Data Mining Algorithms In R/Classification/kNN
This chapter introduces the k-Nearest Neighbors (kNN) algorithm for classification. kNN, originally proposed by Fix and Hodges  is a very simple 'instance-based' learning algorithm. Despite its simplicity, it can offer very good performance on some problems. We present a high level overview of the algorithm, explaining the relevant parameters and implementation choices, followed by a step by step case study.
The kNN algorithm, like other instance-based algorithms, is unusual from a classification perspective in its lack of explicit model training. While a training dataset is required, it is used solely to populate a sample of the search space with instances whose class is known. No actual model or learning is performed during this phase; for this reason, these algorithms are also known as lazy learning algorithms. Different distance metrics can be used, depending on the nature of the data. Euclidean distance is typical for continuous variables, but other metrics can be used for categorical data. Specialized metrics are often useful for specific problems, such as text classification. When an instance whose class is unknown is presented for evaluation, the algorithm computes its k closest neighbors, and the class is assigned by voting among those neighbors. To prevent ties, one typically uses an odd choice of k for binary classification. For multiple classes, one can use plurality voting or majority voting. The latter can sometimes result in no class being assigned to an instance, while the former can result in classifications being made with very low support from the neighborhood. One can also weight each neighbor by an inverse function of its distance to the instance being classified. The main advantages of kNN for classification are:
- Very simple implementation.
- Robust with regard to the search space; for instance, classes don't have to be linearly separable.
- Classifier can be updated online at very little cost as new instances with known classes are presented.
- Few parameters to tune: distance metric and k.
The main disadvantages of the algorithm are:
- Expensive testing of each instance, as we need to compute its distance to all known instances. Specialized algorithms and heuristics exist for specific problems and distance functions, which can mitigate this issue. This is problematic for datasets with a large number of attributes. When the number of instances is much larger than the number of attributes, a R-tree or a kd-tree can be used to store instances, allowing for fast exact neighbor identification.
- Sensitiveness to noisy or irrelevant attributes, which can result in less meaningful distance numbers. Scaling and/or feature selection are typically used in combination with kNN to mitigate this issue.

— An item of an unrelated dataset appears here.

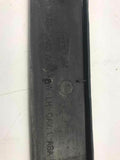 1998 - 2001 FORD EXPLORER Window Glass Edge Decklid Liftgate Panel F87B-78423 Q
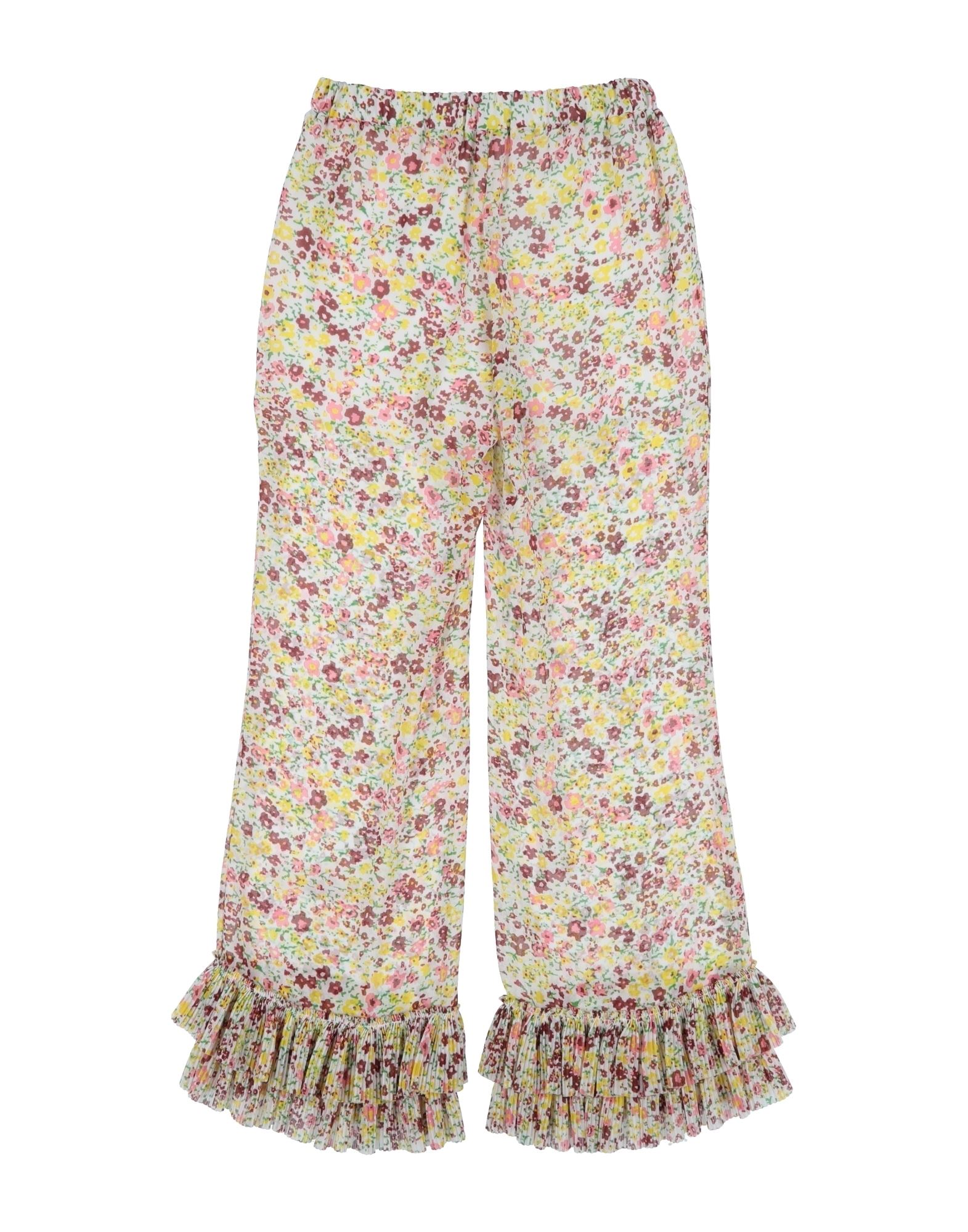  Philosophy Di Lorenzo Serafini - Hosen & Röcke - Hosen - On Yoox.com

- Sensitiveness to very unbalanced datasets, where most entities belong to one or a few classes, and infrequent classes are therefore often dominated in most neighborhoods. This can be alleviated through balanced sampling of the more popular classes in the training stage, possibly coupled with ensembles.
The training phase for kNN consists of simply storing all known instances and their class labels. A tabular representation can be used, or a specialized structure such as a kd-tree. If we want to tune the value of 'k' and/or perform feature selection, n-fold cross-validation can be used on the training dataset. The testing phase for a new instance 't', given a known set 'I' is as follows:
- Compute the distance between 't' and each instance in 'I'
- Sort the distances in increasing numerical order and pick the first 'k' elements
- Compute and return the most frequent class in the 'k' nearest neighbors, optionally weighting each instance's class by the inverse of its distance to 't'
There are at least three implementations of kNN classification for R, all available on CRAN:
- RWeka, which is a bridge to the popular WEKA  machine and datamining toolkit, and provides a kNN implementation as well as dozens of algorithms for classification, clustering, regression, and data engineering.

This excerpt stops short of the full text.